By definition, perversity manifests endless variety, on both the individual and the societal level; as a society, we are currently indulging our perverse taste for progress by any means necessary by automating and digitizing away entire categories of service labor, from cashiers to caregivers. We are driving the ranks of desk workers, such as text processors, editors, and translators, into the precariat, in the name of abolishing allegedly “dehumanizing” forms of work. According to democratic socialists like Martin Hägglund, however, what such a move also requires is a radical re-evaluation of leisure time, granting it the centrality heretofore enjoyed by labor and making it possible for the ranks of the newly under-employed to make meaningful use of their non-working time. Instead, as we plunge headlong into a future of exponential population growth, global climate change, an increasingly robotized and downsized labor force, and dwindling resources, trained by change managers, austerity politicians, chief financial officers, and other McKinsey graduates to believe in the inevitability of our own redundancy, we ourselves enthusiastically take up their cry: “Geronimo!”
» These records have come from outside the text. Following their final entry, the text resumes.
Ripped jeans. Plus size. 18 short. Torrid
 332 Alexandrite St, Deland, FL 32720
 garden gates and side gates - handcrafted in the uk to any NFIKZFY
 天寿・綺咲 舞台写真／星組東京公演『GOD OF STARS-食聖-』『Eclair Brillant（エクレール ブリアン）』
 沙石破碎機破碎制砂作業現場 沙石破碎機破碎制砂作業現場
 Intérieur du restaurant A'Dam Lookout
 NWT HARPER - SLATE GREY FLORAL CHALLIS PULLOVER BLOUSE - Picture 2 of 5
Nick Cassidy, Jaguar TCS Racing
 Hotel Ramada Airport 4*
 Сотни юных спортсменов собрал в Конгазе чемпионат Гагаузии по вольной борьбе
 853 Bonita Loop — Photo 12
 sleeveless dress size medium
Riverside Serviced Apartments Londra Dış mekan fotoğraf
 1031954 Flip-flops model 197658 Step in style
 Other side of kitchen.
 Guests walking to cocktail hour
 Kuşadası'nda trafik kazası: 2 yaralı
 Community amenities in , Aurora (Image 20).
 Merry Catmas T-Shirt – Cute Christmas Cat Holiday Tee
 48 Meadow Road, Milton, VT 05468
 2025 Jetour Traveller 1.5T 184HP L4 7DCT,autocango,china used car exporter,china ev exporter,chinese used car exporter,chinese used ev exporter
Which last is itself a veritable palimpsest of human perversity. First used by US army paratroopers in the 1940s aping a Hollywood historical fiction, “Geronimo!” has since become a standard battle cry among American soldiers. The expostulation echoes the westernized sobriquet of one Goyaałé, an Apache resistance fighter who is said to have himself cried “Geronimo!” when fleeing US troops; it belongs to a repertory of native American customs adopted by European colonizers in a cannibalistic gesture of domination, and thus recapitulates in nucleo the infamous history of violence that subtends all manifestations of human progress.

The name “Geronimo”, of course, has another, older history. It is the Romance version of the Greco-Latin Hieronymus, “holy name”, handed down to English by way of French as “Jerome” and best known for its 4th-century bearer, Eusebius Sophronius Hieronymus, or Saint Jerome. A priest and theologian, Jerome is celebrated for his Latin rendering of the Bible, a version now known as the Vulgate. Caravaggio painted the iconic image of the saint in the early modern period: seated at a desk covered in books, Jerome sports a halo, the sign of his otherworldly destiny, while his work is overseen by a skull perched atop an open volume, a memento mori reminiscent of this world and the presence of death among the living, as well as of the gravedigger scene in Hamlet, a contemporary work. As he innovates within an ancient tradition, in other words, and transports holy texts from a foreign past into a domestic present, Jerome is at once innocently illuminated by a future not of his making, while remaining thoroughly aware of a past strewn with the bones of his mortal forebears.

Naturally, he is the patron saint of translators.